I believe it is one-to-one, or via a regular expression map, 
many-to-one, though for a definitive answer, post your question to the 
Postfix users mailing list. Even if the syntax supported it, I wouldn't 
necessarily expect the end result to be MX-like behavior. It might, for 
example, just pick one of the two destinations at random, just as a 
multi-homed host is treated, or MX records with equivalent preferences. 
(Remember, you need a mechanism to specify priority.)

As Matthew Valites points out, an MX record is the behavior you are 
seeking. Just because your Exchange servers are internal to your network 
doesn't mean you can't use an MX record.
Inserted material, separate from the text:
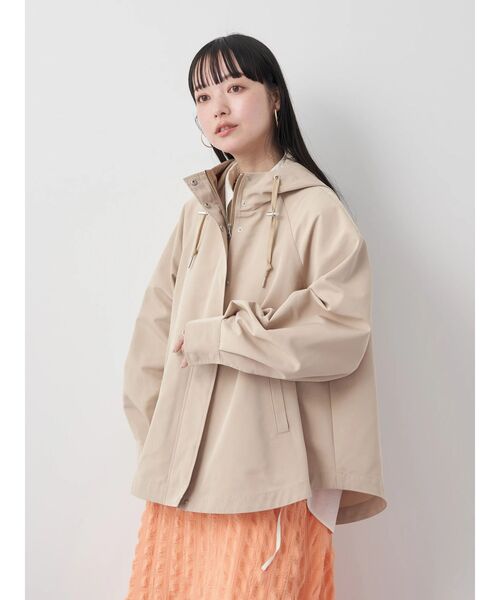 earth music&ecology（アースミュージックアンドエコロジー）の「マウンテンパーカー（マウンテンパーカー・レディース・ベージュ/ネイビー/クリーム・FREE）」の18枚目の写真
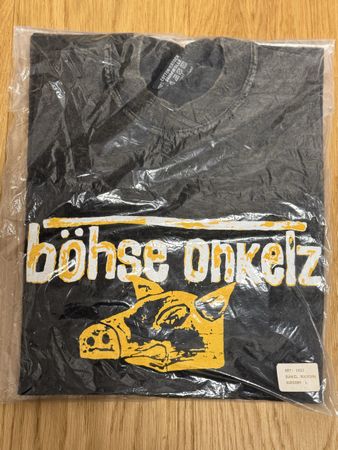 Böhse Onkelz Rocksau T-Shirt Gr. L  originalverpackt alte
In your transport file just list:

example.com smtp:exchange.example.com

and then setup either:

exchange	MX	10	exch1.example.com
exchange	MX	20	exch2.example.com
exch1		A	1.1.1.1
exch2		A	1.1.1.2

on the internal side of a "split horizon" DNS setup, or create a 
subdomain, with a corresponding internal content server.

If you really want to avoid using DNS, you might be able to hack 
together the equivalent behavior by using the relayhost mechanism
(http://www.postfix.org/postconf.5.html#relayhost) instead of a 
transport table entry, and then use fallback_relay 
(http://www.postfix.org/postconf.5.html#fallback_relay) to specify the 
backup Exchange server. Though this is a contortion of what relayhost 
was intended for (you'd have to adjust other directives so the gateway 
doesn't think mail for example.com is local) and if you use this gateway 
to relay outbound mail, I think it'll break.